沖縄は23日、太平洋戦争末期に国内最大の地上戦となった沖縄戦の犠牲者を追悼する「慰霊の日」を迎えた。79年前、最後の激戦が繰り広げられた糸満市摩文仁の平和祈念公園では、県主催の「沖縄全戦没者追悼式」が開かれ、遺族らが犠牲となった約20万人の冥福を祈り、平和への誓いを新たにした。

追悼式には、玉城デニー知事や遺族らのほか、岸田文雄首相や衆参両院議長らが出席。犠牲者に黙とうをささげ、参列者が献花した。

玉城知事は平和宣言で、複雑化する安全保障環境に「平和的外交、対話による課題解決が求められている」と述べ、「恒久平和の確立に向けて、共に絶え間ない努力を続けていきましょう」と呼び掛けた。

また、広大な米軍基地による「過重な基地負担が今なお続いている」と指摘。基地の整理・縮小と、普天間飛行場(宜野湾市)の名護市辺野古移設断念などを求めた上で、政府が進める南西諸島の防衛力強化を念頭に「悲惨な沖縄戦の記憶と相まって、県民は強い不安を抱いている」と訴えた。

岸田首相はあいさつで、「平和の礎に刻まれた戦没者の無念、残された遺族の悲しみや喪失感を思うとき、胸ふさがる思いを禁じ得ない」と話した。

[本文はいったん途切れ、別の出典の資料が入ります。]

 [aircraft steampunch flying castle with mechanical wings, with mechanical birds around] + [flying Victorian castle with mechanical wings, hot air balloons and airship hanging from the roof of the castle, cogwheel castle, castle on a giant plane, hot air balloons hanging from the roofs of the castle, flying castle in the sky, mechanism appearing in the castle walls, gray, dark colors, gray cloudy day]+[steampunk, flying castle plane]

「国家戦略として沖縄振興を総合的に進める」とした一方、基地問題については「大きな負担を担っていただいていることを重く受け止め、負担の軽減に全力を尽くす」と述べるにとどめた。

式典では、県立宮古高校3年の仲間友佑さん(18)が平和の詩「これから」を朗読。詩には、世界各地で戦争が続く現状に、平和を祈り続ける決意を込めた。

1945年6月23日は、日本軍の司令官が摩文仁で自決し、組織的戦闘が終結した日とされる。犠牲者の名前を刻む同公園内の「平和の礎」には今年新たに181人の名前が追加され、刻銘者は計24万2225人となった。